* _Source data_
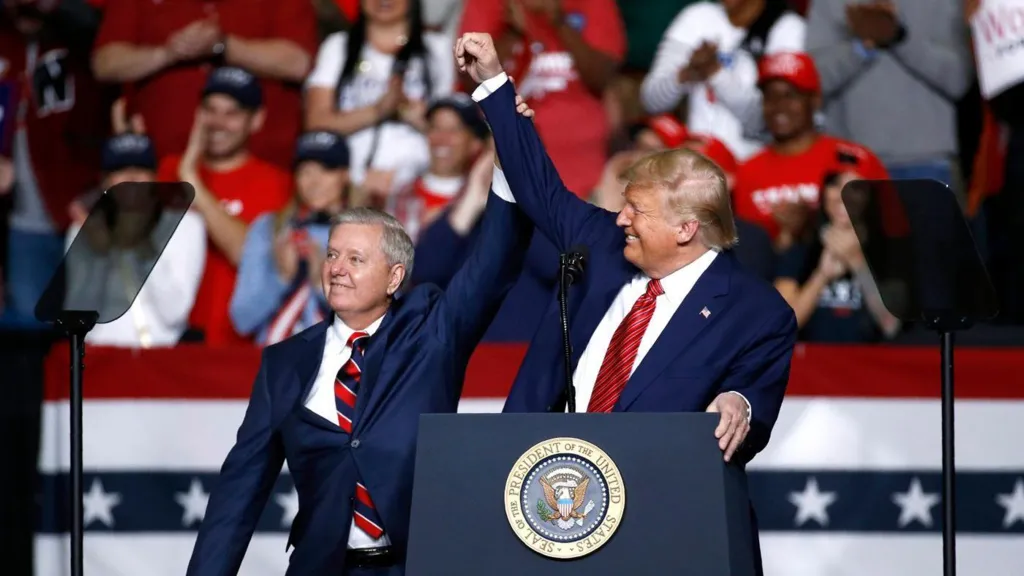 Republican Senator Lindsey Graham speaking during a public event before his de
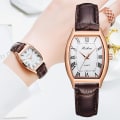 Miniatyrbild 2 av 6: Casual Damklockor Armband Läderarmband Oval Quartz Watch Damklocka Watch Relogio Feminino Brun klocka Coffee
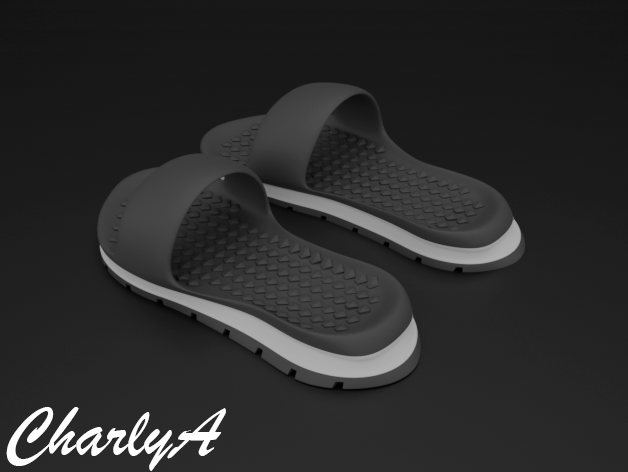 chanclas flip flops charlya la chancla shoes slipper zapatos 3D print model - Mito3D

* _Exercise objective_
The answer is the whole listing retyped exactly, with pictures omitted.

* _Output of the exercise_
 Republican Senator Lindsey Graham speaking during a public event before his de
 Miniatyrbild 2 av 6: Casual Damklockor Armband Läderarmband Oval Quartz Watch Damklocka Watch Relogio Feminino Brun klocka Coffee
 chanclas flip flops charlya la chancla shoes slipper zapatos 3D print model - Mito3D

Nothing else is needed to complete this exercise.